Se ha vuelto un lugar común decir que su importancia dentro de la cultura estadounidense emana de que sus letras representan las luchas de la clase obrera o las fracturas del sueño americano, pero la clave para comprender su obra y sus conciertos está en las letras de los discos que grabó entre 1973 y 1980. Letras como la de “Backstreets”, “Thunder Road”, “Born to Run”, “Rosalita” o “Racing in the Street” dejan claro que, mucho más que los asuntos políticos o sociales, el credo de Springsteen está en la romántica ilusión de que el rock and roll clásico y todo lo que asociamos con él -juventud, romances salvajes, autos rápidos, carreteras perdidas- puede conducirnos a una vida mejor, probablemente lejos de donde nos tocó crecer.
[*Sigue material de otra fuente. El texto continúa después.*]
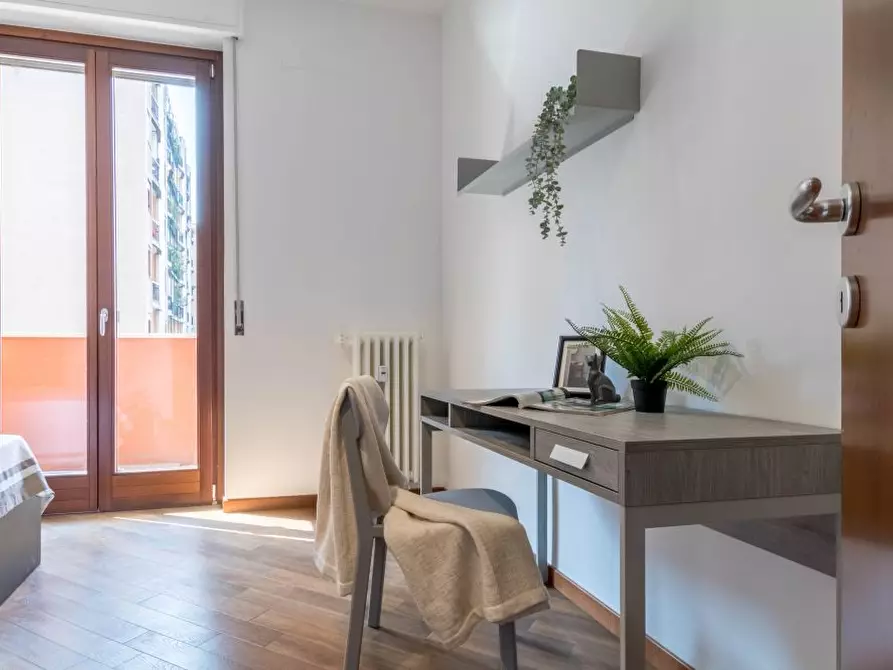 Immagine 2 di Camera in affitto  in Via Luciano Zuccoli19 a Milano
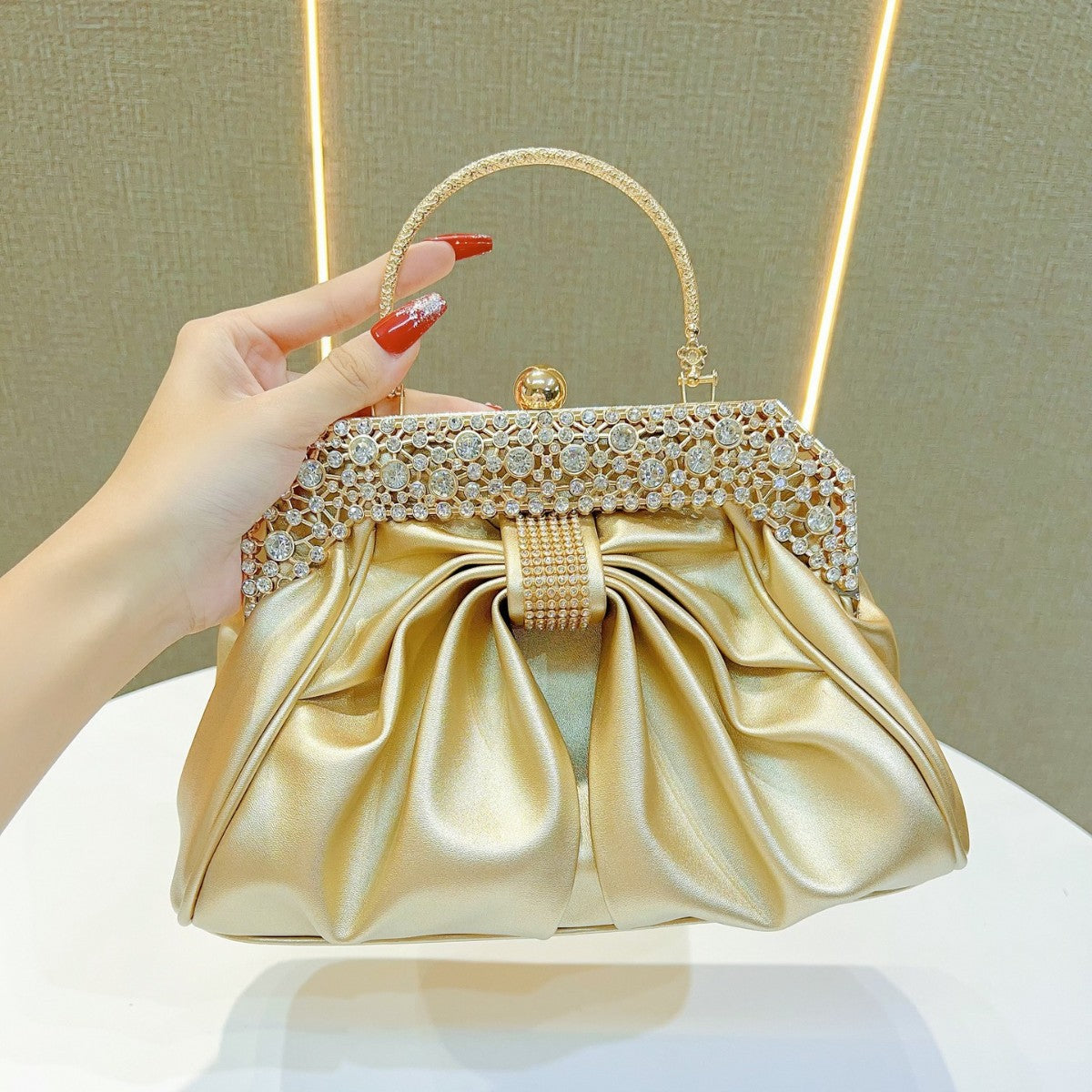 Luxuriöse Satin-Abendhandtasche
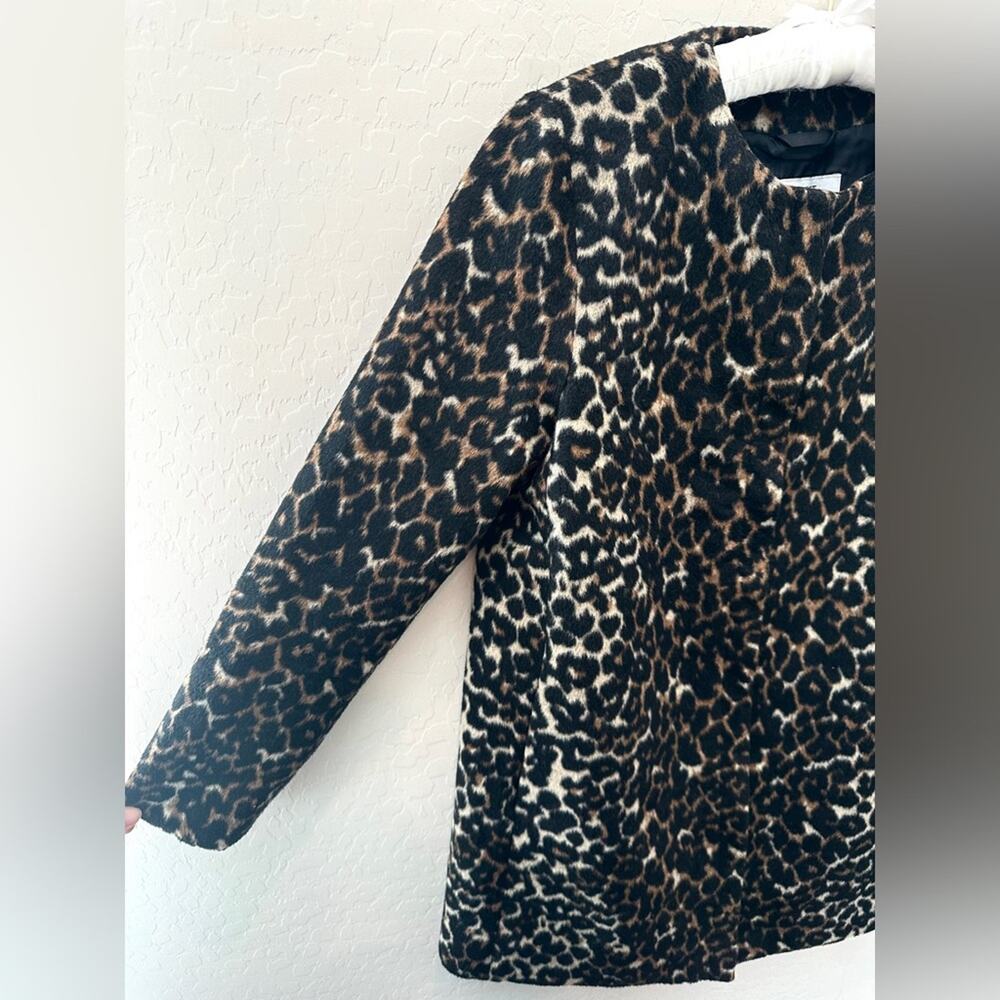 NINE WEST | Leopard Print Animal Faux Fur Zip Coat | Medium - Picture 2 of 8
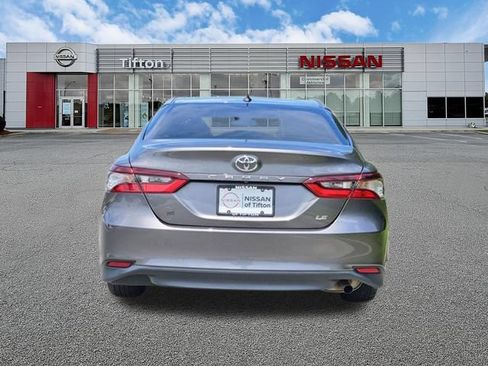 Used 2021 Toyota Camry LE FWD image 5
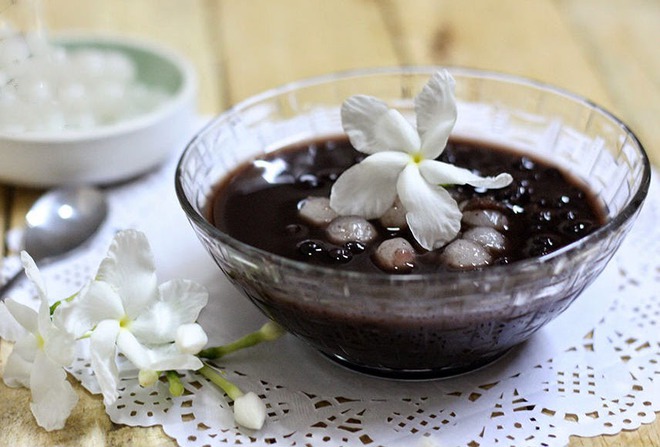 Những món ăn, bài thuốc vừa ngon vừa bổ lại giúp làm đẹp da từ đậu đen - Ảnh 4. Những món ăn, bài thuốc vừa ngon vừa bổ lại giúp làm đẹp da từ đậu đen - Ảnh 4.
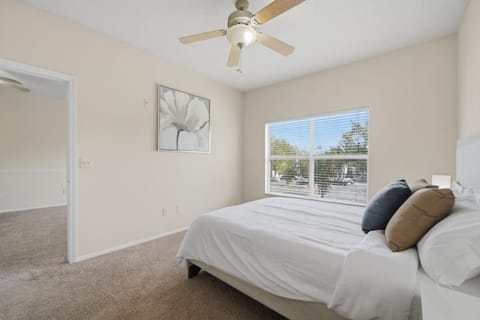 Upscale 1BR Apartment Home Apartment in Longwood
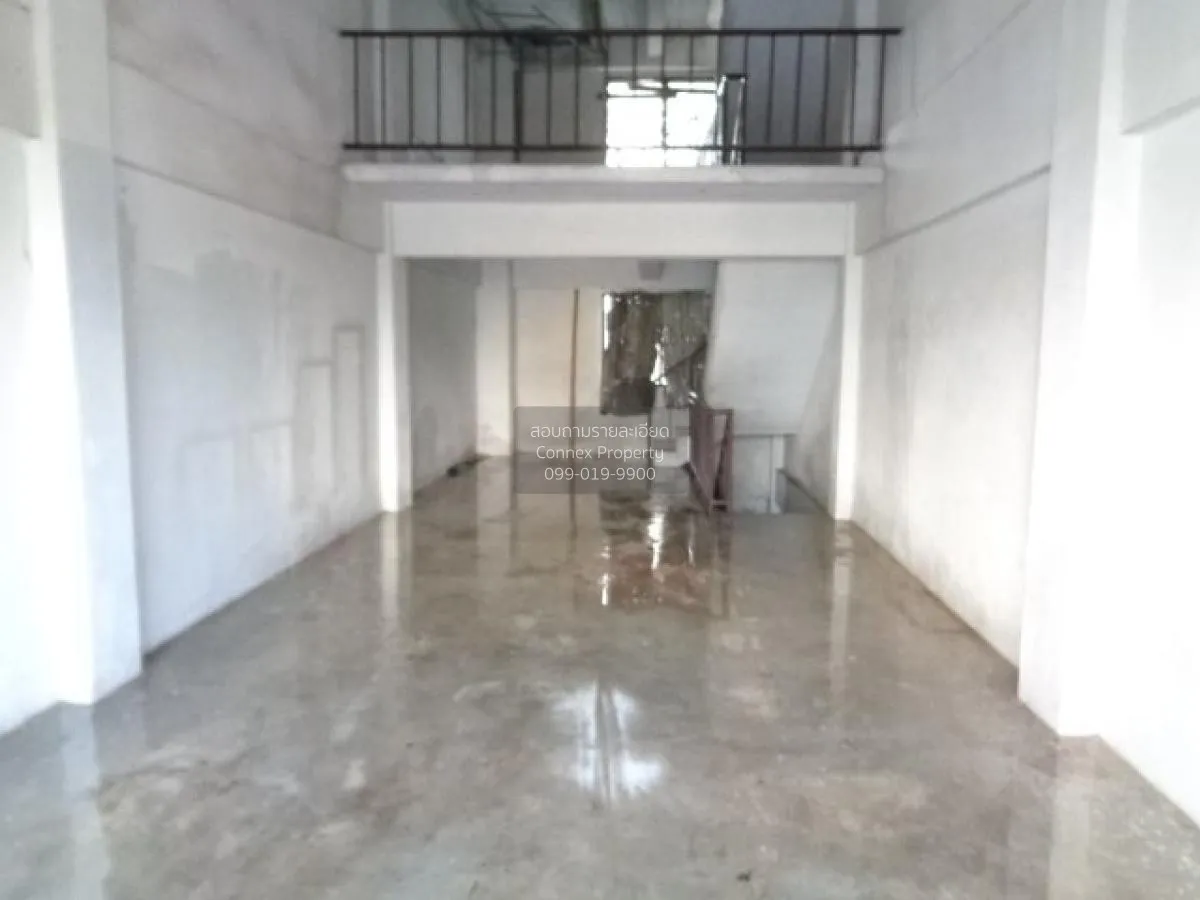 For Sale 4 - storey Commercial building Mueang Chachoengsao , Cha 2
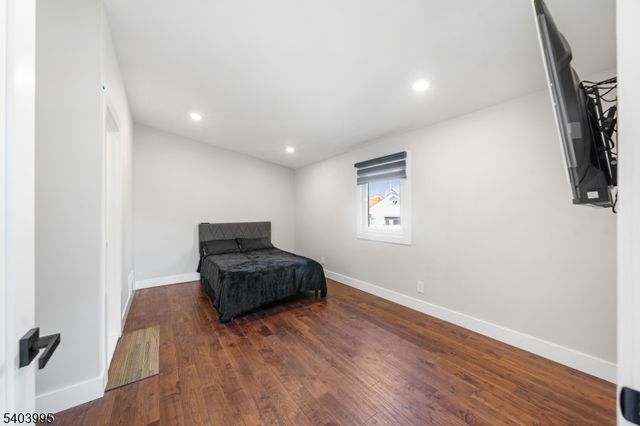 207 Post Ave, Lyndhurst Twp., NJ 07071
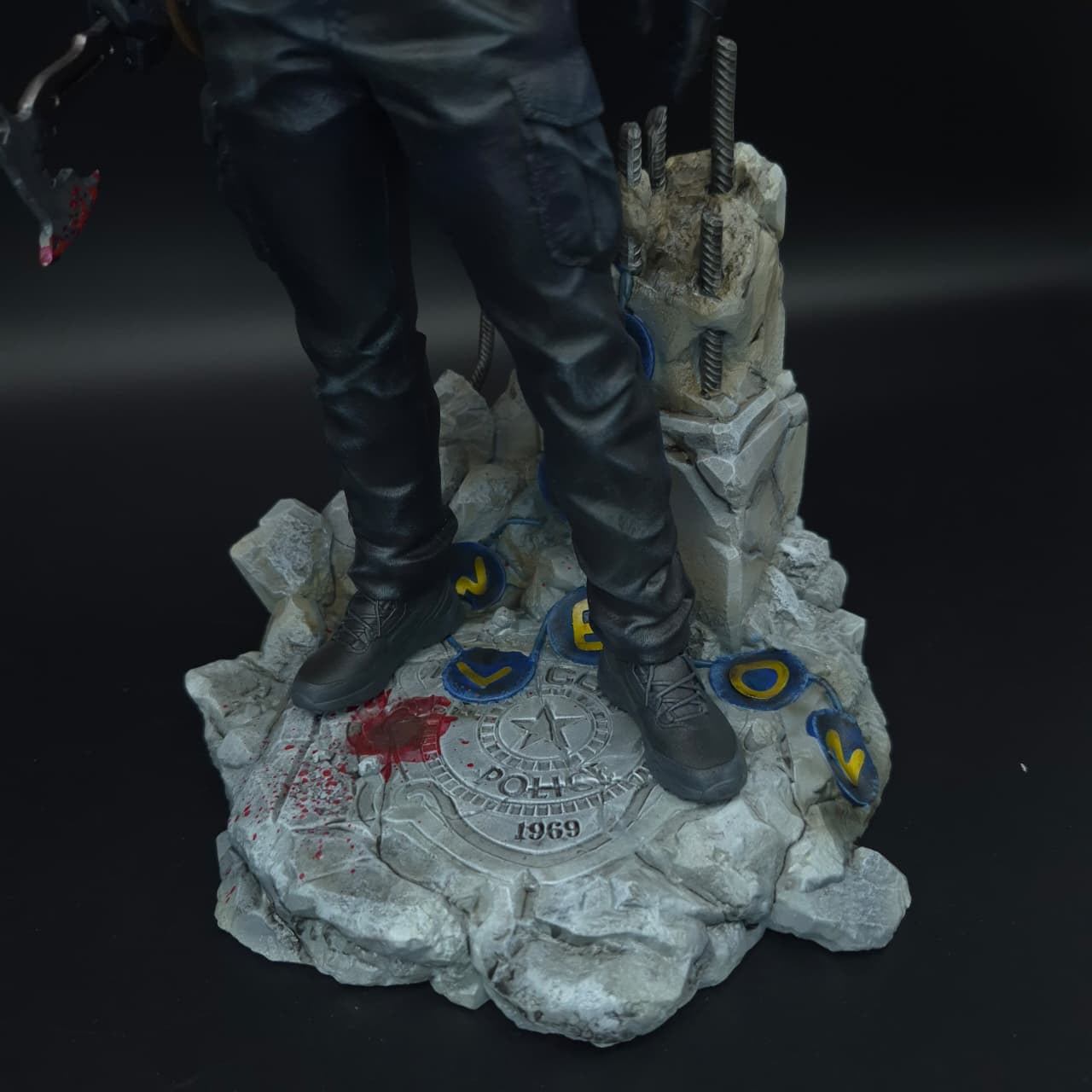 Leon Kennedy 2 Torsos - Resident Evil- Figura de Acción 33 cm - En Caja - Resina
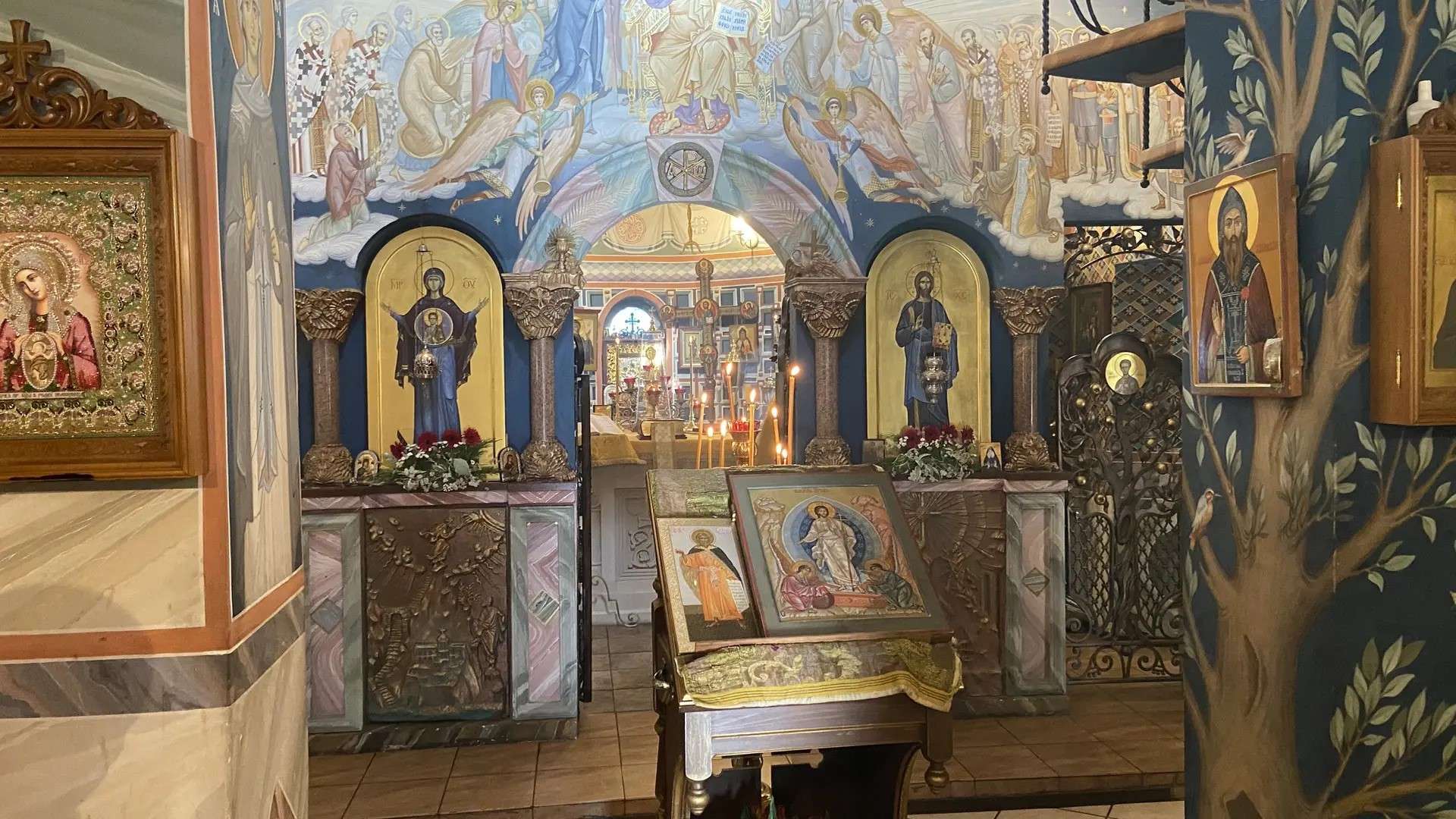 Литургия в Знаменской церкви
A pesar de que con los años sus letras crecieron con él y escribió sobre divorcios y la dificultad de madurar, las guerras, la violencia y la inmigración, lo que hace durante cada uno de sus conciertos es tratar de repetir el milagro que ejecutó esa noche de 1974 que, según Landau, lo hizo sentirse joven y volver a creer en el poder del rock and roll.

El milagro parece funcionar, al menos para él. A pesar de estar pronto a cumplir 64 años, Springsteen sigue dando conciertos que se acercan a las cuatro horas y donde tiene más energía que cualquiera de los que están en el escenario o en los asientos. Perderse su primera presentación en Chile sería un verdadero sacrilegio.